Harold Pinter, playwright and militant pacifist, was a vivid testimony as to why poets should indeed remain unacknowledged as legislators of the world. Epitaphed everywhere as the playwright of pauses and silences, like many pacifists he remained noisily silent about what should happen in the real world.

For example, one would expect the author of Mountain Language, on the repression of the Kurds, to show similar empathy towards the Kosovars, a small mountain people whom Milosevic was expelling, to have offered some constructive alternatives to Nato action, even if he quite rightly opposed Bill Clinton's chosen method of high-level bombing. His pacifism inhibited him from advocating the one method that actually worked – the threat of a ground invasion, which eventually led to Milosevic running up the white flag immediately.

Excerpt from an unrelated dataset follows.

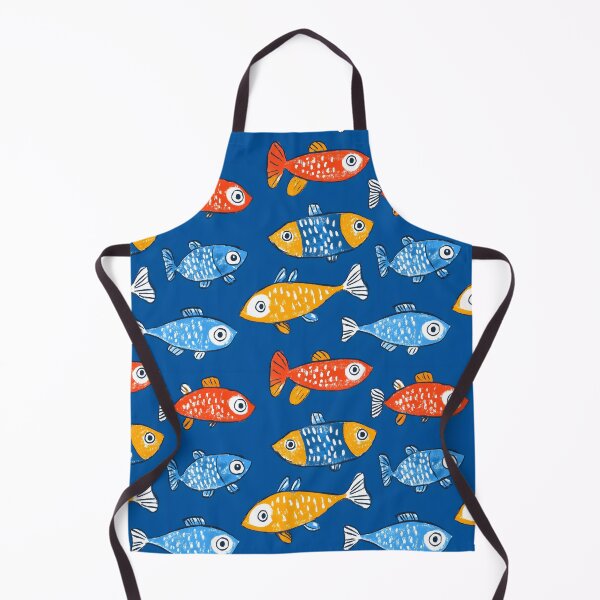 Item preview, Funny Fish Retro Sea Pattern designed and sold by SecretDicer.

Pinter's intemperate attacks on the Western European countries that decided on action to protect the Kosovars made him seem an ally of the murderous tyrant in Belgrade – an impression he gave even more substance when he joined the "International Committee to Defend Slobodan Milosevic", as the Serb leader, overthrown by his own people, awaited trial in The Hague. That did not sit well with his declaration in his earlier letter to the Guardian that "Milosevic is undoubtedly ruthless and savage." Indeed, even as Pinter passed away, a Serb court was trying Serb militiamen for their part in murdering a Kosovar family.

It is the traditional poetic pacifist dilemma, highly visible in Nicholson Baker's Human Smoke, which implies blame for the second world war and the Holocaust on the warmongers Roosevelt and Churchill while in some measure exonerating those more directly responsible. Orwell said of Gandhi that he did "did not take the sterile and dishonest line of pretending that in every war both sides are exactly the same and it makes no difference who wins."

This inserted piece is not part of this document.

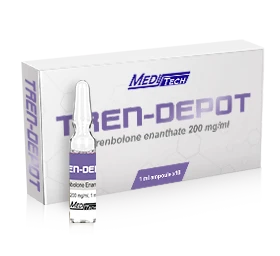 Meditech - Tren-Depot (Trenbolone Enanthate) - 200mg/ml - 10 Ampoules x 1ml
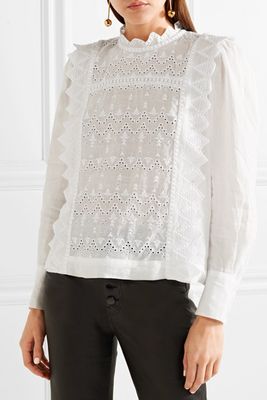 Nutson Broderie Anglaise Ramie Blouse from Isabel Marant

But, as Orwell also pointed out, all too often Manichaean pacifists assume reflexively that their own governments are worse than those their opponents'. "Pacifist propaganda usually boils down to saying that one side is as bad as the other, but if one looks closely at the writings of younger intellectual pacifists, one finds that they do not by any means express impartial disapproval, but are directed almost entirely against Britain and the United States."

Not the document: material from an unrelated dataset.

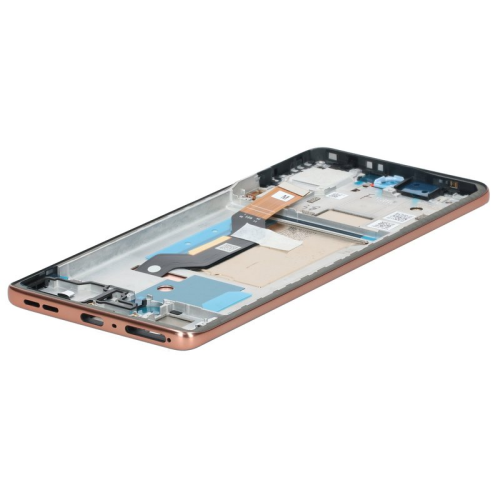 Display Modul mit Rahmen und Toucheinheit mocha mousse 5D68C30580 für Motorola Edge 60 Fusion (XT2503-4)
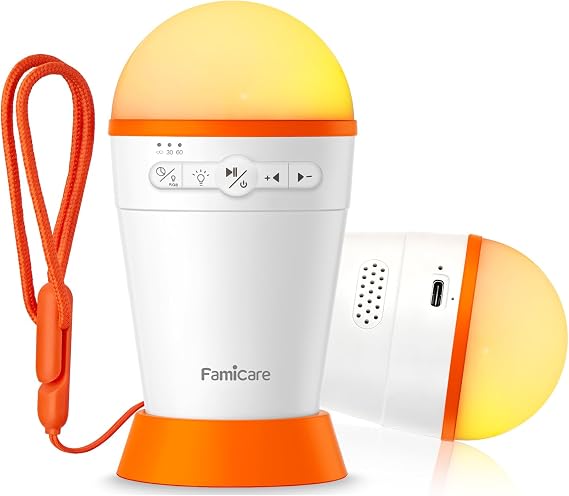 Portable Baby Sound Machine and Shusher for Newborns and Travel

However, that is not to detract from Pinter's dramatic achievements, merely to separate his direct political pronouncements from his playwrighting, which was all the better for being more subtly imbued with his political sensibilities. Indeed, he was quite right in his overall assessment of Clinton and Blair, and indeed the broad parameters of US policy. But the Kosovars whom he claimed would suffer "disastrous consequences" from Nato's actions now understandably name streets and buildings after Clinton and Blair, not Pinter and Milosevic

If he had put the subtle pauses and timing in his political pronouncements that he did in his plays, it would have been a considerable step forward.